I. Was ist der rechtsgeschäftliche Eigentumserwerb?
1. Was ist eine dingliche Einigung?
Die erste Voraussetzung für die Eigentumsübertragung einer beweglichen Sache nach § 929 S. 1 BGB ist, dass sich der Eigentümer und der Erwerber "einig sind". Diese Einigung ist ein Vertrag im Sinne der §§ 145 ff. BGB, setzt also zwei übereinstimmende Willenserklärungen, einen Antrag (§ 145 BGB) und dessen Annahme (§ 150 BGB) voraus.
Diesen dinglichen Vertrag müssen Sie sauber von dem zugrundeliegenden Verpflichtungsgeschäft (also dem Kaufvertrag, § 433 BGB oder der Schenkung, § 516 BGB) trennen. Die Einigung hat nur den Inhalt "Willst Du Eigentümer dieser Sache werden?" und trifft keine Aussagen über Preise oder sonstige Bedingungen. In der Klausur und in der Praxis äußert sich dies vor allem in der Anwendung des Abstraktionsprinzips: Nur weil die Verpflichtung nichtig ist, muss nicht notwendig auch die darauf aufbauende Verfügung unwirksam sein. Es ist aber auch möglich, dass sowohl das Verpflichtungs- als auch das Verfügungsgeschäft aufgrund desselben Mangels nichtig sind (sog. "Fehleridentität"). Dies betrifft insbesondere die Fälle der Anfechtung wegen arglistiger Täuschung und widerrechtlicher Drohung (§ 142 Abs. 1 BGB iVm § 123 Abs. 1 BGB) sowie die Fälle der Gesetzeswidrigkeit (§ 134 Abs. 1 BGB) und Sittenwidrigkeit (§ 138 Abs. 1 BGB): Hier will die Rechtsordnung nicht nur die Verpflichtung verhindern, sondern regelmäßig auch (und gerade) deren Erfüllung. Es sollen eben keine Drogen übereignet werden oder Menschen durch Betrug um ihr Hab und Gut gebracht werden.

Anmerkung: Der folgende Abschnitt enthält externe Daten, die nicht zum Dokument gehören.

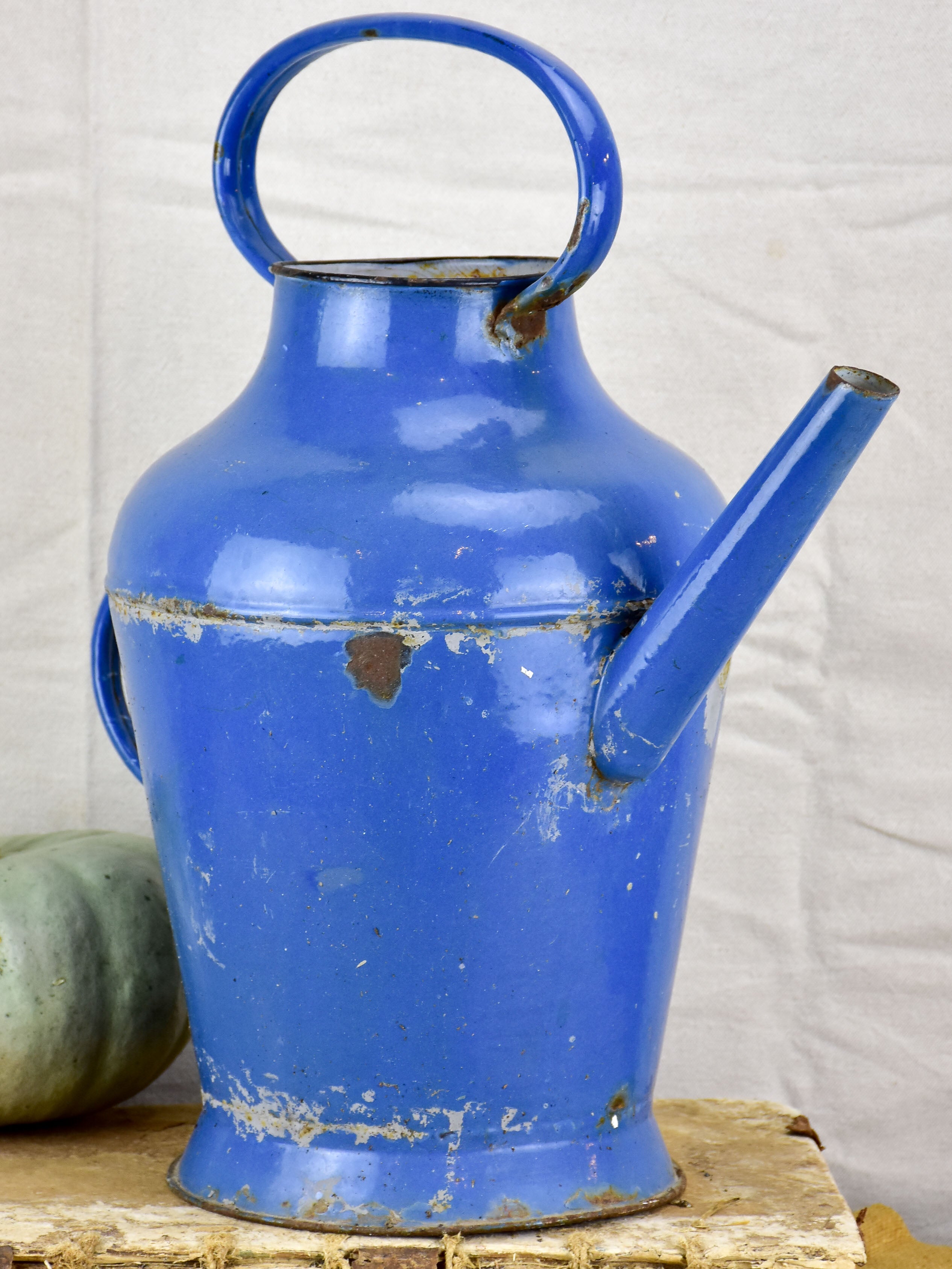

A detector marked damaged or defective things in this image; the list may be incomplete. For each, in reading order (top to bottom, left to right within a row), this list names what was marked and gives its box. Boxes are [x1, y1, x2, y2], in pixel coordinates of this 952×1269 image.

Im Alltag liegen oftmals keine ausdrücklichen Erklärungen vor - vielmehr erfolgt die Einigung vielfach konkludent bei der Übergabe einer Sache (§ 854 BGB): Wenn Ihnen der Bäcker ein Brötchen in die Hand drückt, sagt er damit aus, dass Sie dessen Eigentümer werden sollen.
Während ein Verpflichtungsgeschäft auch auf eine Gattungsschuld gerichtet sein kann (§ 433 Abs. 1 S. 1 BGB), kann Eigentum immer nur an konkreten körperlichen Gegenständen bestehen: Ihnen gehört nicht (irgend)ein Smartphone, sondern genau dasjenige, welches sich in Ihrer Hosentasche befindet; sie können auch nicht einfach stattdessen das Ihres besten Freundes ohne dessen Zustimmung nehmen. Da daher Eigentum nur an bestimmten Einzelgegenständen bestehen kann, muss sich auch die dingliche Einigung denknotwendig auf einen solchen bestimmten Gegenstand ("dieses Buch", "dieses Brötchen") und nicht auf einen beliebigen Gegenstand mittlerer Art und Güte beziehen (sog. Bestimmtheitsgrundsatz).
Die dingliche Einigung ist bereits vor der Übergabe möglich, muss also nicht zeitgleich erfolgen. Man spricht dann von einer sog. vorweggenommenen (antizipierten) Einigung. In diesem Fall entfaltet der Wortlaut von § 929 S. 1 BGB ("einig sind") Bedeutung - denn er besagt, dass man eine solche Einigung bis zum Augenblick der Übergabe wieder zurückziehen kann. Der Erwerber wird bei Übergabe der Sache also nur Eigentümer, wenn sich die Parteien auch in diesem Zeitpunkt noch einig sind.